=== Begin Enclosure ===
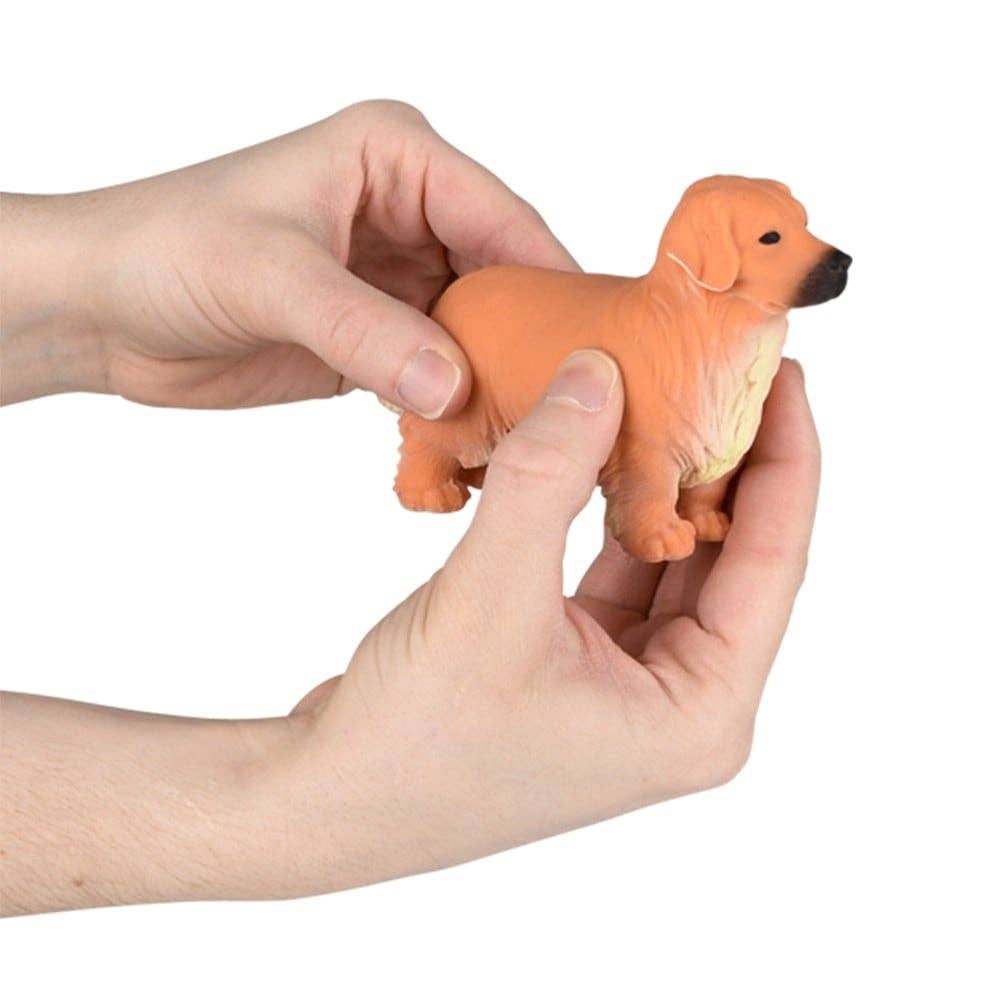 Stretchy Golden Retriever 5.25" 1PC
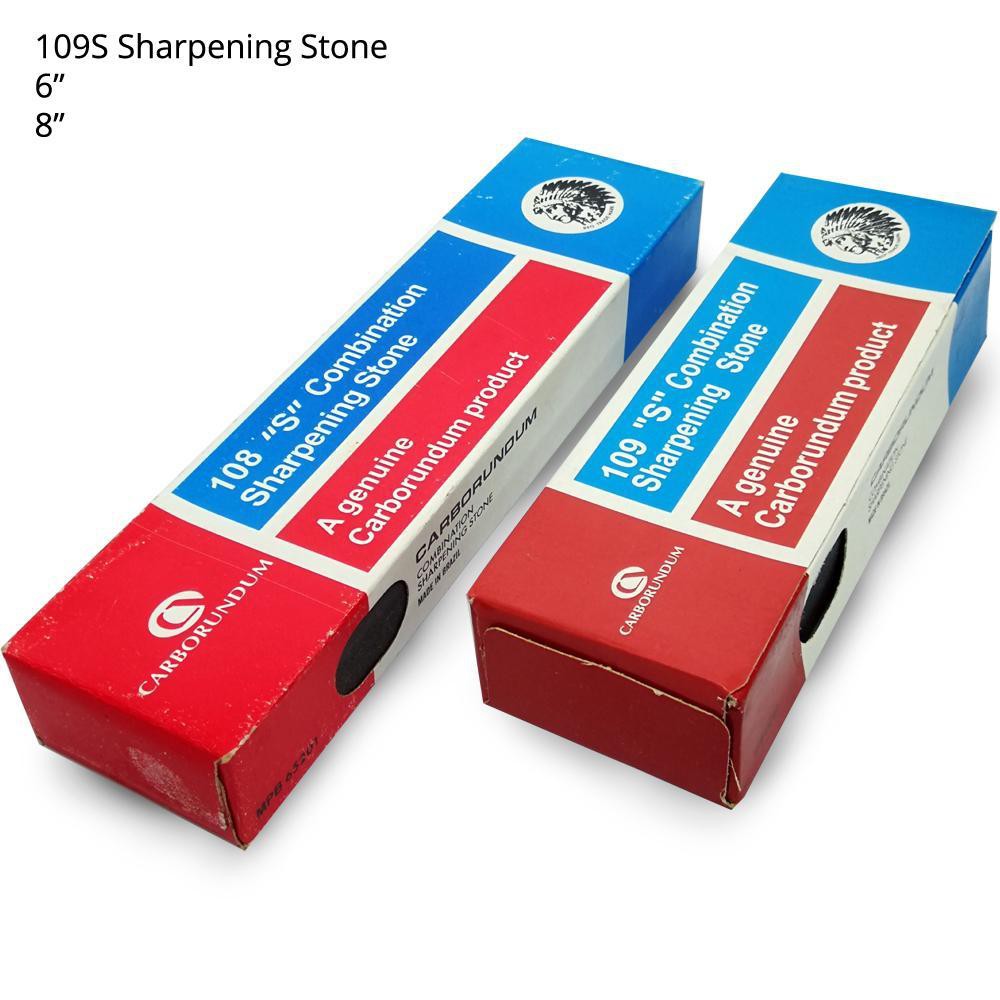108 8 INCH/109 9 INCH "S" SHARPENING STONE CARBORUNDUM COMBINATION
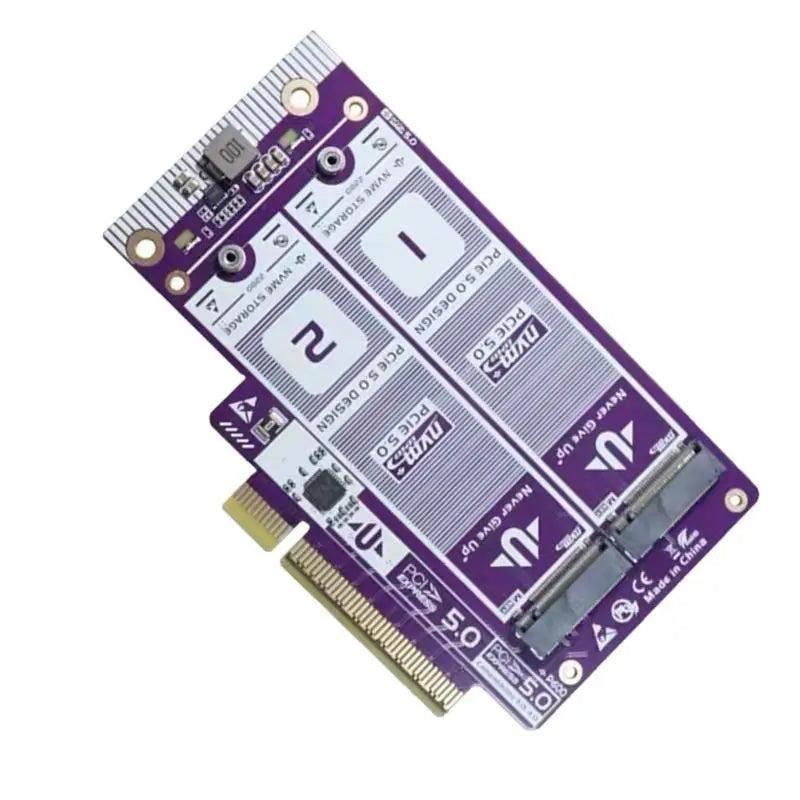 652F PCIe 5 0 M 2 NVMe Adapter Card X16 Coverter Expansion Zpaxo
=== End Enclosure ===
_What the task requires:_ Retype the listing exactly. Skip every picture.

_Result of the task:_
 Stretchy Golden Retriever 5.25" 1PC
108 8 INCH/109 9 INCH "S" SHARPENING STONE CARBORUNDUM COMBINATION
 652F PCIe 5 0 M 2 NVMe Adapter Card X16 Coverter Expansion Zpaxo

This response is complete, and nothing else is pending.